▶ Your objective
Only the lines below from the one that holds "SOROBAN necklace" through the one that holds "Load image into" should appear in the answer, copied exactly, end lines included and pictures omitted.

▶ Recorded information
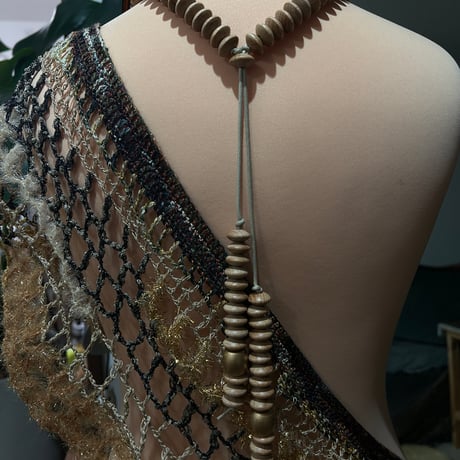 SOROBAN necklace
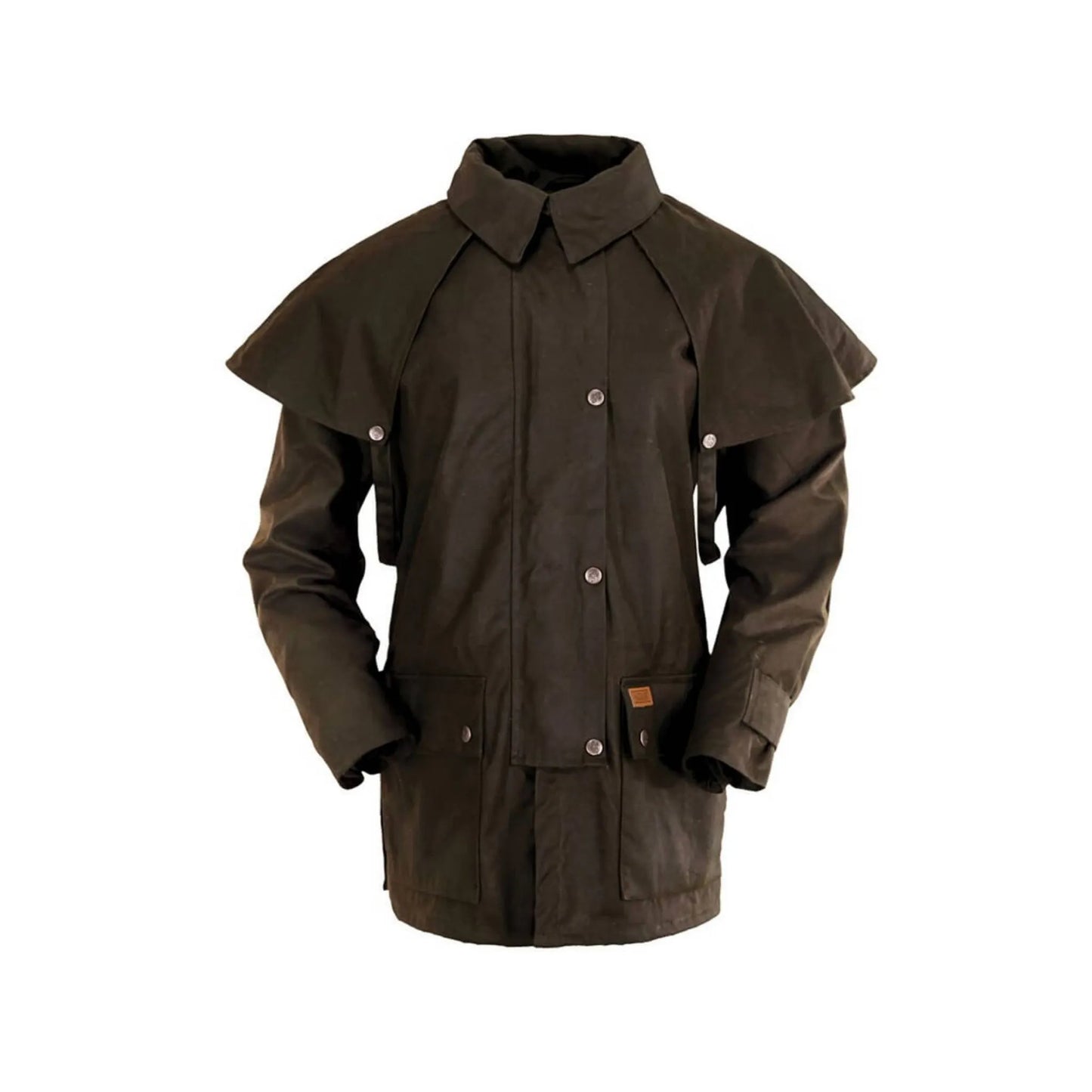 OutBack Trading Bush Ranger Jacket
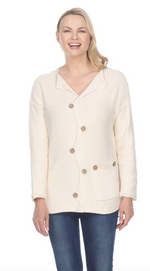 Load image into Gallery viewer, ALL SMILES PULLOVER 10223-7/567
--
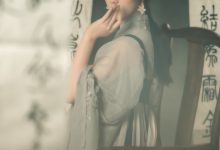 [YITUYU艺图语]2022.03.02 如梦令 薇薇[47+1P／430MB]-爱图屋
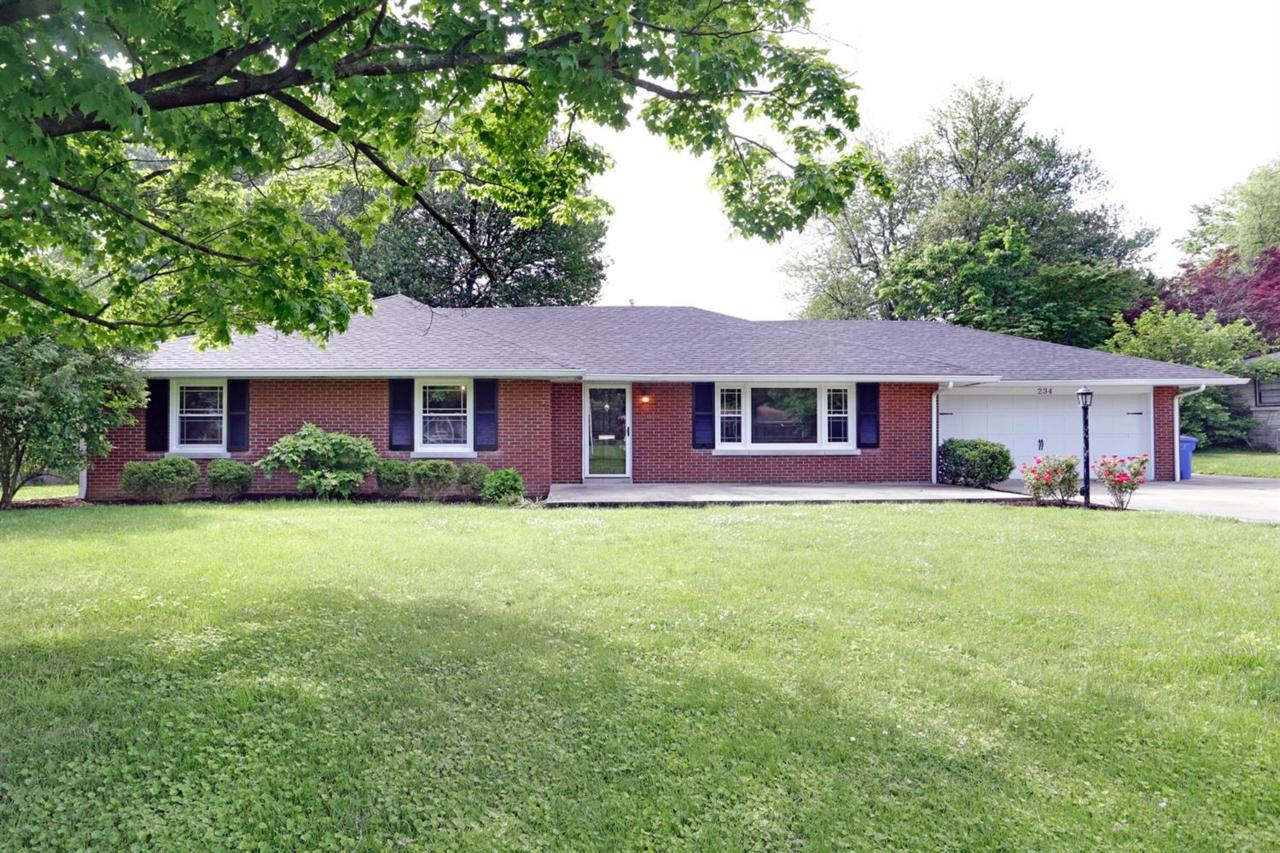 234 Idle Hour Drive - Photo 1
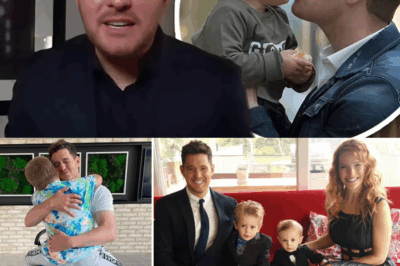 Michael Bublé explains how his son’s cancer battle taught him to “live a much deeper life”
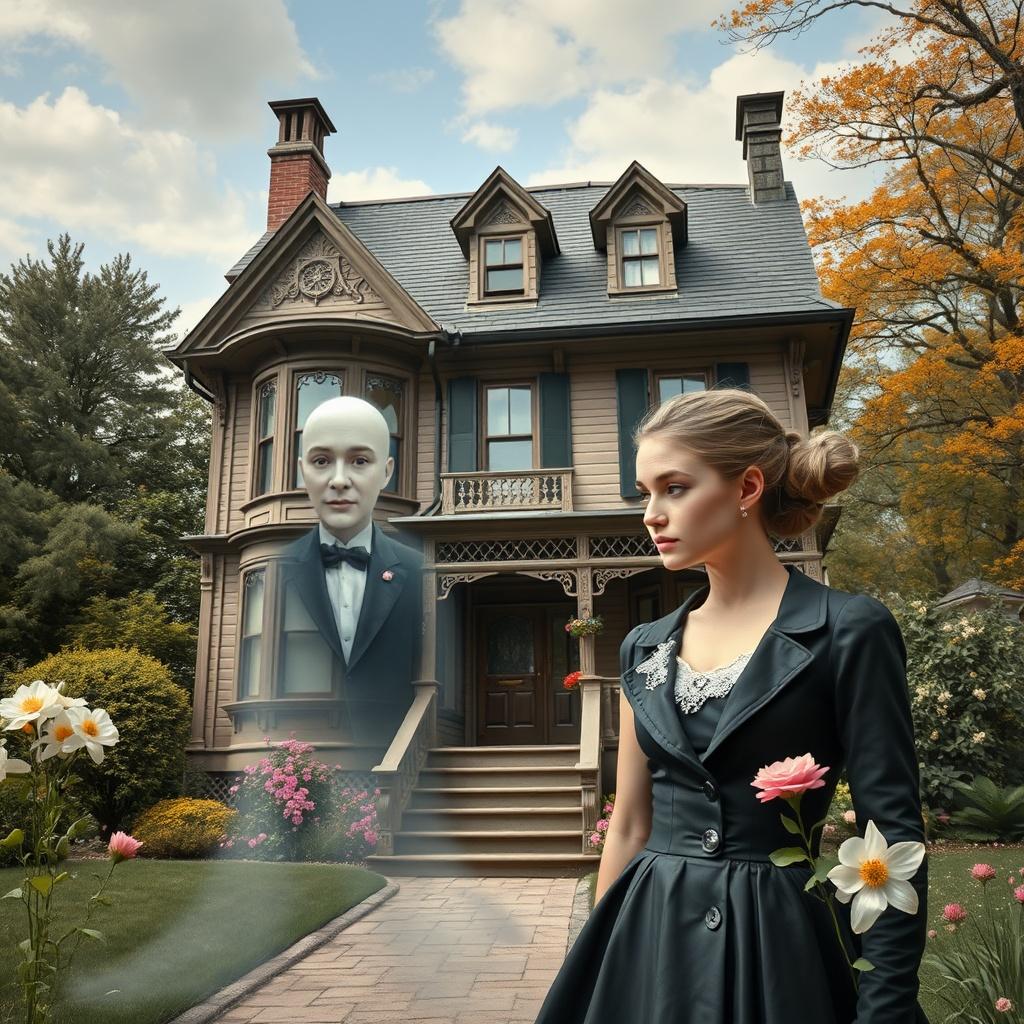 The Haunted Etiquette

▶ Exercise output
 SOROBAN necklace
 OutBack Trading Bush Ranger Jacket
 Load image into Gallery viewer, ALL SMILES PULLOVER 10223-7/567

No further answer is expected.